The productive float for BTC sits at 4.66%. This measures supply actively deployed in DeFi, lending, or yield-generating structures. Compare that to ETH’s productive float of 16.05%. Bitcoin holders are not looking for yield. They are looking for preservation.
That distinction is the entire argument in one number.
When Fidelity published their assessment that ETH “can serve as medium of exchange and store of value,” the implicit framing placed BTC squarely in the pure store-of-value category. No dual identity. No utility trade-off. Just monetary assurance.

What Long-Term Holder Behaviour Reveals
BTC long-term holders mobilise their supply at a fraction of the rate seen in other crypto assets. ETH long-term holders, by contrast, move their holdings at three times the rate of BTC holders. This is not a criticism of ETH. It reflects a fundamentally different asset identity.
Bitcoin holders behave like gold holders. They buy, they store, they wait. The blockchain records this patience in immutable detail. Every month of dormancy strengthens the case. Every cycle of accumulation without distribution adds another layer of evidence.
VanEck has floated the idea that ETH could serve as a better store of value than BTC for corporate treasuries. The onchain data disagrees. Treasury assets demand predictable dormancy, low turnover, and minimal productive complexity. BTC delivers all three.
The Structural Case
Pull the threads together and the picture is stark. 61% of supply dormant for over a year. Daily turnover at 0.61%, converging toward gold. ETF holdings at 6.7% and growing. Exchange balances falling. Long-term holders sitting with conviction.
Bitcoin does not need to become a medium of exchange to succeed. It does not need smart contracts, DeFi composability, or staking yield. Its value proposition is simpler and, arguably, more powerful.
Hold it. Wait. Let monetary debasement do the rest.
Frequently Asked Questions
Why is bitcoin considered a store of value?
Bitcoin’s fixed supply of 21 million coins, combined with the fact that 61% of supply has not moved in over a year, creates a scarcity profile similar to gold. Its daily turnover of 0.61% sits between gold (0.29%) and fiat currencies (USD at 20%), positioning it as a digital monetary asset optimised for preservation rather than spending.

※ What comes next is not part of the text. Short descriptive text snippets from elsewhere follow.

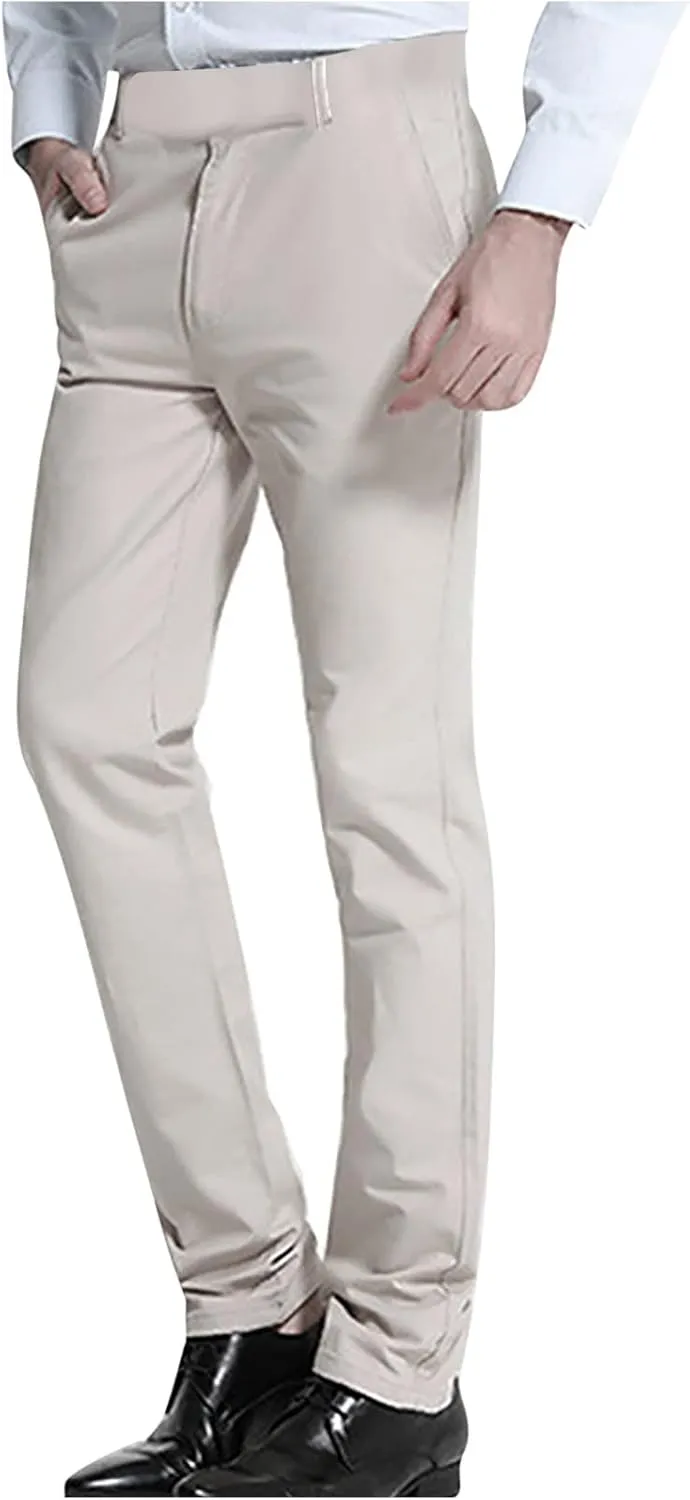Fashion Suit Pants for Men Solid Color Slim Fit Straight Trousers Casual High Waist Business Pants with Pockets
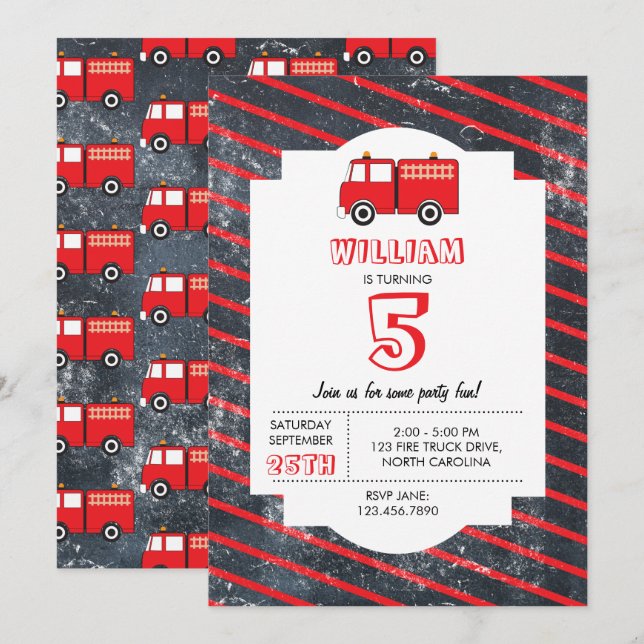 Red Fire Truck Pattern Birthday Invitation (Front/Back)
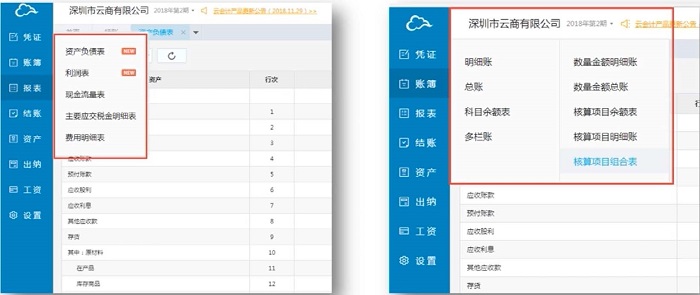 云会计报表选项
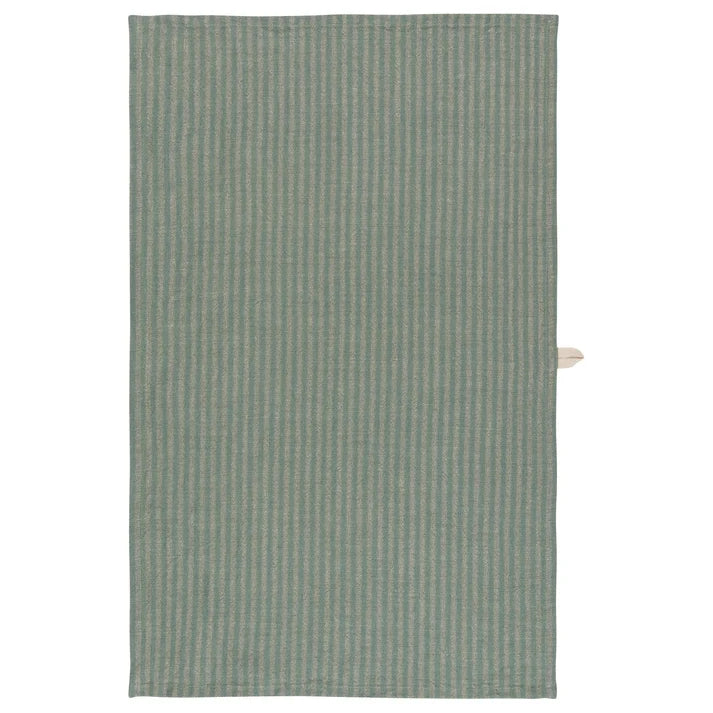 Jade green and cream vertically striped linen-cotton dishtowel with a small wooden hanging tab – PABOOM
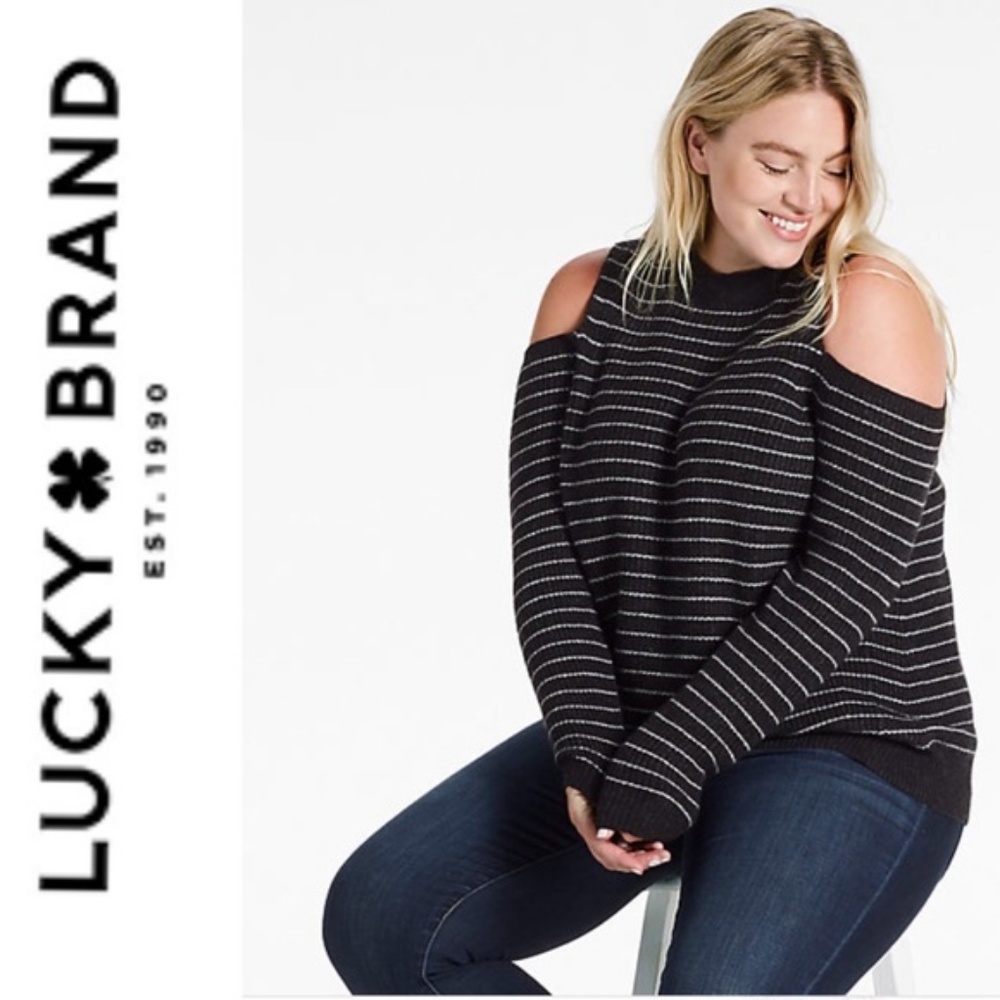 Lucky Striped Cold-Shoulder Sweater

How does bitcoin compare to gold as a store of value?
Gold’s daily turnover is 0.29%; bitcoin’s is 0.61%. Both assets share a behavioural pattern of deep dormancy among holders. BTC ETFs now hold 6.7% of supply, and JPMorgan groups bitcoin alongside gold in their “debasement trade” thesis. The convergence is measurable and accelerating.
What percentage of bitcoin is held long term?
Over 61% of BTC supply has not moved in more than a year. BTC ETFs hold 6.7% of supply, DATs account for 3.6%, and exchange balances continue to decline. The anchored float, which measures supply in long-duration institutional structures, sits at 6.7% and is growing.
Do bitcoin ETFs affect its store-of-value status?
Yes. BTC ETFs hold 6.7% of total supply in regulated custody structures designed for long-term holding, not active trading. This removes coins from liquid circulation and reinforces bitcoin’s dormancy profile. Companies like Strategy further securitise bitcoin for traditional markets, deepening the structural illiquidity.